Directions for this task >>
Begin at the line below that has "Water Damage Restoration Portland, OH FAQs" and stop after the line that has "New Coral Garden Weligama Hotel Ruang foto". Please restate only those lines, word for word.

Listed records >>

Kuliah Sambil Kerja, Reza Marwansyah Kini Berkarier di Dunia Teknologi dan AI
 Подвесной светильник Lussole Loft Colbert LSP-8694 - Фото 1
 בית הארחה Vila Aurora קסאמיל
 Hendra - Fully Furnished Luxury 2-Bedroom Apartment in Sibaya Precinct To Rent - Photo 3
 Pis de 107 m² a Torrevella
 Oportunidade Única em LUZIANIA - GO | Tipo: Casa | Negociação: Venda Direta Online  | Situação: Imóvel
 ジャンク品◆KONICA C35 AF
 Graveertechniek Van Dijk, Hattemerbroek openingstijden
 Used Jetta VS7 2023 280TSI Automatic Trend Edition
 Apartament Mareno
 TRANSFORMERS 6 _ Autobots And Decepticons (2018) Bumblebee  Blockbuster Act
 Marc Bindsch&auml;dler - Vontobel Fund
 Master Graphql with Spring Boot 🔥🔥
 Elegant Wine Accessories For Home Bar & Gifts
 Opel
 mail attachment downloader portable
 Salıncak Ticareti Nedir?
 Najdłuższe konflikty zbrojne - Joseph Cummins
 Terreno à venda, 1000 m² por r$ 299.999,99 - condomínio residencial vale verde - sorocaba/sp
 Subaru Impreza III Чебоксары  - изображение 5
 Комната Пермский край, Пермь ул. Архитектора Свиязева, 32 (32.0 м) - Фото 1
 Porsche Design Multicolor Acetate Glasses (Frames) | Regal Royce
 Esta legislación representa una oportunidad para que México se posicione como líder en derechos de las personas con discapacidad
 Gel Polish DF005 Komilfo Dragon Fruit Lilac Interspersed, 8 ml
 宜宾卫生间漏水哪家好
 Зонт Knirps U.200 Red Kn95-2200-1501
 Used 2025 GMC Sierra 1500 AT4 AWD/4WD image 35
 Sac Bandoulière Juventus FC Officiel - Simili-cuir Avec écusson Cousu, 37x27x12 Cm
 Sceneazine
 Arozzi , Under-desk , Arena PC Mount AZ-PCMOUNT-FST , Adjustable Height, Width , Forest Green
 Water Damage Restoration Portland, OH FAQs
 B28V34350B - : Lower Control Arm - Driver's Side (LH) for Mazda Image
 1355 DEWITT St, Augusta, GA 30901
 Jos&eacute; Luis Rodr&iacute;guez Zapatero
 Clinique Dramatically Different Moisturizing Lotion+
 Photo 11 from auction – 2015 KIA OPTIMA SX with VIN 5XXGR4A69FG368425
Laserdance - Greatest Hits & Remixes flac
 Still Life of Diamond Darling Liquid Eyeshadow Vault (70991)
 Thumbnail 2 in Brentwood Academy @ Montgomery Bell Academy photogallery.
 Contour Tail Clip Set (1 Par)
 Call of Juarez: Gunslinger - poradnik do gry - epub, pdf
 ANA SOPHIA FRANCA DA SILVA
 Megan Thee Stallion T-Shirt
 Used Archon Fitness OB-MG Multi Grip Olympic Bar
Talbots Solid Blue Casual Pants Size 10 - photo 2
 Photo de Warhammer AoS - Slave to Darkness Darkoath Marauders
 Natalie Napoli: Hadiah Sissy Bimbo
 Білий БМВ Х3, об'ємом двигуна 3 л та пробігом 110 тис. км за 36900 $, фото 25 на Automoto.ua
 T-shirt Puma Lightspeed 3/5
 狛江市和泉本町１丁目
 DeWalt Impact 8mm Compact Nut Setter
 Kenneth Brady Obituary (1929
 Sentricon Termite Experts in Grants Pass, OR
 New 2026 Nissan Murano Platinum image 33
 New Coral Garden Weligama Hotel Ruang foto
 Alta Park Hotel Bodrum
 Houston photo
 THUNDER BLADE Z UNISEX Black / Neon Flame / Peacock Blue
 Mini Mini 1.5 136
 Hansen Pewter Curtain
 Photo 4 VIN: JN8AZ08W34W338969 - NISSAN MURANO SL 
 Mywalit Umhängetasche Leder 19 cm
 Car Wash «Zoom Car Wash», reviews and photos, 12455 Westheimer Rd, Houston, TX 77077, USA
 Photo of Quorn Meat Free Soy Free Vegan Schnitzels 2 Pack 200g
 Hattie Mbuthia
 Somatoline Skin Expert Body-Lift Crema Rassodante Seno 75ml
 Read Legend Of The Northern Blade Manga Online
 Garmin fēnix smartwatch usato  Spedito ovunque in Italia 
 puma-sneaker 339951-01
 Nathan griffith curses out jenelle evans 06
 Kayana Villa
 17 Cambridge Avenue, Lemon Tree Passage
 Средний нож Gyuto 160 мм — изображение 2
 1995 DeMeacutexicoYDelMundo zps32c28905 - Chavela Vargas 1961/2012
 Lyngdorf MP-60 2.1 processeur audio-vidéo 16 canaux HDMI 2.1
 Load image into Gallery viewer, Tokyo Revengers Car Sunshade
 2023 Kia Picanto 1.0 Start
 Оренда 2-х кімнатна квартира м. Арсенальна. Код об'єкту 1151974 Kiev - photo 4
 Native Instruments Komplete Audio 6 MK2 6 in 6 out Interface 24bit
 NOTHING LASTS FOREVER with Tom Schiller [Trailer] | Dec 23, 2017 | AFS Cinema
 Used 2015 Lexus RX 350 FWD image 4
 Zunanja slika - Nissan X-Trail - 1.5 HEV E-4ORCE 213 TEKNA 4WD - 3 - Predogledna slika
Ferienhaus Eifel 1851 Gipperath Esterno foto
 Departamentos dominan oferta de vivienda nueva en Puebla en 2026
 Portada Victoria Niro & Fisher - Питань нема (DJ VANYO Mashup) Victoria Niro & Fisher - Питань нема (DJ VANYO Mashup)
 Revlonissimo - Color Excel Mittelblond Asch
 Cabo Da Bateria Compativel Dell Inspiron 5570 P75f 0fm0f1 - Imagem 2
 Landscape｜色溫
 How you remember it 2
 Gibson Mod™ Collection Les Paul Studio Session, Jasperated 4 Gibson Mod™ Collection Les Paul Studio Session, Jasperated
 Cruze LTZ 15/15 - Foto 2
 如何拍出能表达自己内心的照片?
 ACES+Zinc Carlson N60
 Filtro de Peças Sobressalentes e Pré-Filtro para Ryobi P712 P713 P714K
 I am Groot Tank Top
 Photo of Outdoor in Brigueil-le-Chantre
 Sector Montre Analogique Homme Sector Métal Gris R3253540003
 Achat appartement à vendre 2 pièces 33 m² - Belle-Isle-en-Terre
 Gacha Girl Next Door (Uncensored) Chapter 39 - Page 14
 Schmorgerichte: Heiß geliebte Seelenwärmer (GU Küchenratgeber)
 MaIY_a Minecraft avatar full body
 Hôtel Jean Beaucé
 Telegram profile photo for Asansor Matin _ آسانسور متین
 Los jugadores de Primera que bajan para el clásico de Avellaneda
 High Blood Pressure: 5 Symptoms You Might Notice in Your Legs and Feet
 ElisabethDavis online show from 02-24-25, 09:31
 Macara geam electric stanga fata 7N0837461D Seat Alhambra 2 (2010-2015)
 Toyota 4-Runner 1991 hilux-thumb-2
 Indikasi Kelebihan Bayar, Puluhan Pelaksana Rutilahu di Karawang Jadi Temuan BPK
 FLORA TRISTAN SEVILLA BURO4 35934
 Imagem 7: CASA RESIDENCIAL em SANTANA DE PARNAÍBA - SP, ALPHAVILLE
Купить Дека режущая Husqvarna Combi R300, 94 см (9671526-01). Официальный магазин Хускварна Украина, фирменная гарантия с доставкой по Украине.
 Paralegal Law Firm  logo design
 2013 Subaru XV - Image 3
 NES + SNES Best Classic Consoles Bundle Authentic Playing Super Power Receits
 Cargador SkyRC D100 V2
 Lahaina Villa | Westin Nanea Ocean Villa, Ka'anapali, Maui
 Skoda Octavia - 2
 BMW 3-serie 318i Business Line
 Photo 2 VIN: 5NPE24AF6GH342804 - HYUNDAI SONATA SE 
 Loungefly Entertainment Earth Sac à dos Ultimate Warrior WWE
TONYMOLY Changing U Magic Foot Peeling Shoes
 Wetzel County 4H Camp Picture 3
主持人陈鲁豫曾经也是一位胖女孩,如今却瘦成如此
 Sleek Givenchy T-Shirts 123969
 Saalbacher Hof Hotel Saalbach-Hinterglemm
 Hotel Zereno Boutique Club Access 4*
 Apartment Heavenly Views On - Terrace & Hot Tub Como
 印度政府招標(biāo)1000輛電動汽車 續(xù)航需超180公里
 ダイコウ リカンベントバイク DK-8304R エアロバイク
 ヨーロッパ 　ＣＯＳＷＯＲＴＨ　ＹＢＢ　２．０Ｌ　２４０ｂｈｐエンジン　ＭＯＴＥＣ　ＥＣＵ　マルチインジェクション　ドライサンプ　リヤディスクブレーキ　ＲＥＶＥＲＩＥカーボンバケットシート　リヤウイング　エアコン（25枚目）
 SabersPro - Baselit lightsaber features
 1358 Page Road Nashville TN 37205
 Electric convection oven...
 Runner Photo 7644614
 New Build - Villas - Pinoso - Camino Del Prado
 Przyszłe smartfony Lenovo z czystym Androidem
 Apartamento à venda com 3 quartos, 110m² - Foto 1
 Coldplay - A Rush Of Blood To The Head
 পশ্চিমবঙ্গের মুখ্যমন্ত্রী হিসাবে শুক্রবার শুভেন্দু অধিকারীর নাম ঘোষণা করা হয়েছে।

Exercise output >>
 Water Damage Restoration Portland, OH FAQs
 B28V34350B - : Lower Control Arm - Driver's Side (LH) for Mazda Image
 1355 DEWITT St, Augusta, GA 30901
 Jos&eacute; Luis Rodr&iacute;guez Zapatero
 Clinique Dramatically Different Moisturizing Lotion+
 Photo 11 from auction – 2015 KIA OPTIMA SX with VIN 5XXGR4A69FG368425
Laserdance - Greatest Hits & Remixes flac
 Still Life of Diamond Darling Liquid Eyeshadow Vault (70991)
 Thumbnail 2 in Brentwood Academy @ Montgomery Bell Academy photogallery.
 Contour Tail Clip Set (1 Par)
 Call of Juarez: Gunslinger - poradnik do gry - epub, pdf
 ANA SOPHIA FRANCA DA SILVA
 Megan Thee Stallion T-Shirt
 Used Archon Fitness OB-MG Multi Grip Olympic Bar
Talbots Solid Blue Casual Pants Size 10 - photo 2
 Photo de Warhammer AoS - Slave to Darkness Darkoath Marauders
 Natalie Napoli: Hadiah Sissy Bimbo
 Білий БМВ Х3, об'ємом двигуна 3 л та пробігом 110 тис. км за 36900 $, фото 25 на Automoto.ua
 T-shirt Puma Lightspeed 3/5
 狛江市和泉本町１丁目
 DeWalt Impact 8mm Compact Nut Setter
 Kenneth Brady Obituary (1929
 Sentricon Termite Experts in Grants Pass, OR
 New 2026 Nissan Murano Platinum image 33
 New Coral Garden Weligama Hotel Ruang foto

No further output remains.